Suedzuker (SZUGR Snr; Baa2 Stable/BBB Neg) S&P moves to neg. outlook - follow up
Perps now Ba3 Stable/BB- Neg (notched -4)
Based on the FY guidance Suedz gave (-55%yoy for FY EBITDA), S&P has leverage at 4.3x-4.5x to end this year (we had gross at 4.6x, net 4.1x). It flags uncertainty on earnings outside after FY25/ending Feb but has faith in co implementing "cost and cash flow containment measures" - looks like co has told S&P measures will be coming to preserve the BS.
- As we said worth watching WC and Capex in upcoming earnings - S&P expects former to be positive on reduced inventories and capital optimisation. It notes co will lock in sugar prices in October for the year ahead giving some certainty to work with for the year ahead.
- Expects margins to eventually recovery at group level; from current FY guidance for 6.2% to 8.5-9%. Sees driver as lower sugar prices eventually shifting to lower production costs as well.
- Re. downgrade the leverage threshold is 3x but it has noted it is prone to move before the full 1-2yr runway period if nonsugar segments are weak (current guidance implies together they will largely be flat yoy - on EBTIDA) and/or cost/cash flow saving is not effective.

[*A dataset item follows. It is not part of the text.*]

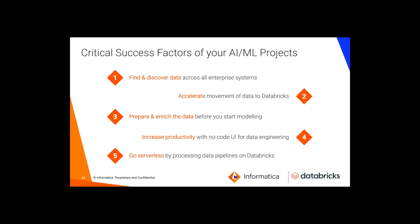Finally, you want to go serverless — and this is where our partnership with Databricks is so important. You create data pipelines on Databricks to take advantage of the increased flexibility, performance, and no limits on data that they offer.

Worth keeping in mind that this volatility is in the nature of Suedz. It continues to mention Ukraine being allowed to import without EU's hefty tariff's as a key headwind. We'd only point out what S&P has also mentioned today; the tariff free quota of 265k tons was used up by May itself (the quota was set-up after much protest from local operators). Instead the better weather conditions seem to be contributing more (+1.2m tons) to the yoy supply pickup (i.e. not one-off volatility). Adding to that we'd flag sugar is one of the many commodities it is exposed to - but granted is the largest at ~half of group earnings.
On RV;
- €27s are at Z+100/B+140 - no firm view but we expect Moody's to comment as well (yet to). Main member 5Y CDS is at +80 and may look cheap in comparison there but as we have noted before it issued the 27s in late '22 on 1-notch lower ratings but a -60bp basis. Front maturity is in Nov '25 - refi for that likely next hope for supply/duration further out.
- On perp's reminder it is well past the first call in 2015, it didn't show much interest in refi-ing it even when it was rolling over peak resets late last year and still gets 50% equity treatment at the raters and full on co's accounting.